LOTF Chapter 1-6 Key quotes + Analysis Flashcards
For a moment the boys were a closed circuit of sympathy with Piggy on the outside…
Highlights Piggy’s isolation and status as an outsider who lacks the respect of the others
About choir boys: Something dark was fumbling along… the darkness was not all shadow but mostly clothing.
The choir boys were dressed in black and appeared dark. They later became the hunters. This symbolises darkness and evil within the hunters.
About jack: They knew very well why he hadn’t [killed the piglet]: because of the enormity of the knife descending and
cutting into living flesh; because of the unbearable blood.
Jack has not yet transformed into a ruthless killer and savage. His next attempt to kill shows his transition from the first failed attempt.
About Piggy: “with the martyred expression of a parent”
Presents piggy as a mature and rational parent. The use of “Martyred” foreshadows the death of piggy, and how he sacrifices himself for the greater good.
Jack says: I agree with Ralph. We’ve got to have rules and obey them. After all, we’re not savages. We’re English, and the English are best at everything. So we’ve got to do the right things.
Irony which portrays the facade of civility cloaking Jack and the boys.
Jack says: We’ll have rules… then when anyone breaks ‘em - / Bollocks to the rules
Ironic as Jack was keen on rules yet was the main culprit of wrecking them
On Jack and Ralph: They walked along, two continents of experience and feeling, unable to communicate.
Suggests the hatred existing between Jack and Ralph and their status as pillars of opposing ideologies.

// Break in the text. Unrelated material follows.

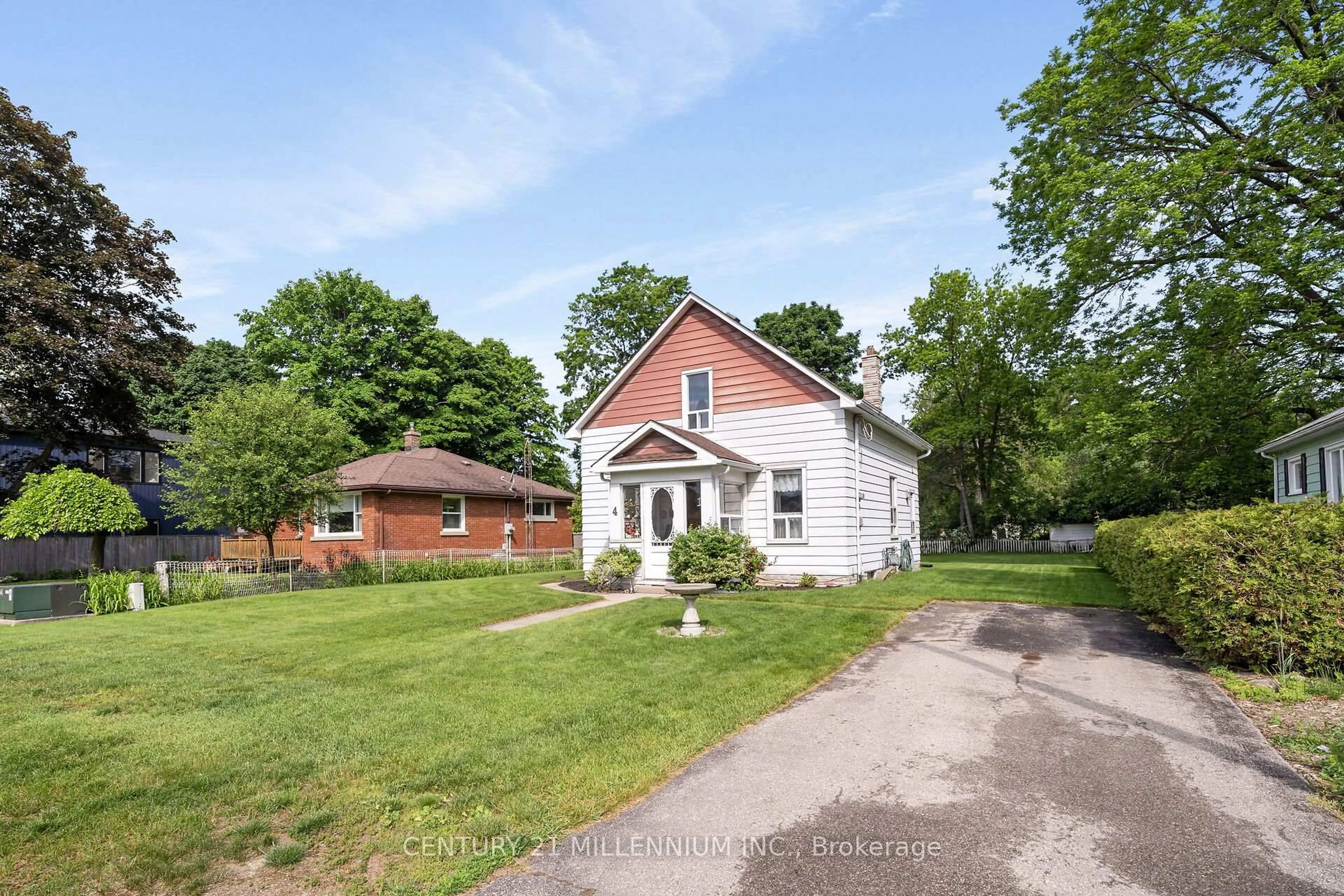 A pic from outside/outdoor area/front of a property/back of a property/a pic from drone, street for 4 English St, Erin Ontario N0B 1T0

About Jack: became less a hunter than a furtive thing, ape-like among the tangle of trees
Captures the essence of Jack’s transformation into an animalistic, tribalistic savage.

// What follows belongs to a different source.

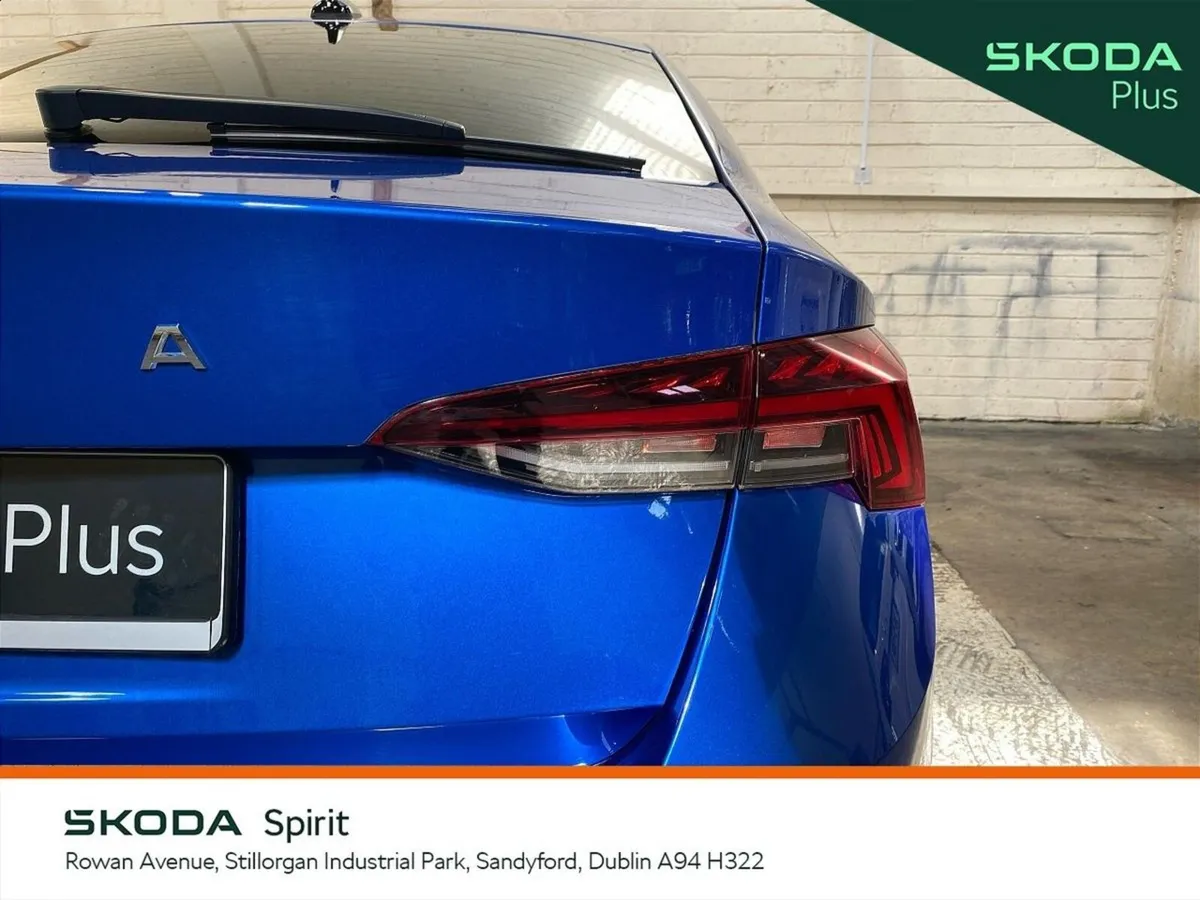 Skoda Octavia Saloon, Petrol, 2023, Blue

About Jack: He tried to convey the compulsion to track down and kill that was swallowing him up.
Portray’s Jack submitting to his primal urges - his savage nature is gradually corrupting his mind,
Jack says: If you’re hunting sometimes… you can feel as if you’re not hunting, but – being hunted, as if something’s behind you all the time in the jungle.
Suggests the liberating and transcendent experience that hunting provides to Jack - an experience which catalyses his descent into savagery.

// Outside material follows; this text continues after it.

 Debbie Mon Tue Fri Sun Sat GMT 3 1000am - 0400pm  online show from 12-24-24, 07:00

About Roger: Here, invisible yet strong, was the taboo of the old life. Round the squatting child was the protection of parents and school and policemen and the law. Roger’s arm was conditioned by a civilization that knew nothing of him and was in ruins.
Roger’s attachment to his former life of order and his association of actions to consequences is the only thing which stops him from becoming a savage who solely follows his instinctive desires.
On Jack’s ‘mask’: …the mask was a thing on its own, behind which Jack hid, liberated from shame and self-consciousness.
Highlights the staggering influence of the painted faces as catalysts which allowed Jack and his hunters to lose their former civility without any sense of personal shame due to losing their connections to their former identities.
Ralph’s thoughts: If faces where different when lit from above or below – what was a face? What was anything?
Their faces are a symbol of their humanity and identity, Ralph questions “What was a face?” which shows the liberation that the boys experience by hiding their faces.
Ralph says: Things are breaking up. I don’t understand why. We began well; we were happy. And then – …then people started getting frightened.
Portrays the inexplicable fear that plagued the boys and caused their descent into savagery.
Piggy says: I know there isn’t no beast – not with claws and all that, I mean – but I know there isn’t no fear either … Unless –… Unless we get frightened of people.
Piggy theorises the beast’s true nature as the paranoia that lingers in the minds rather than a literal monster.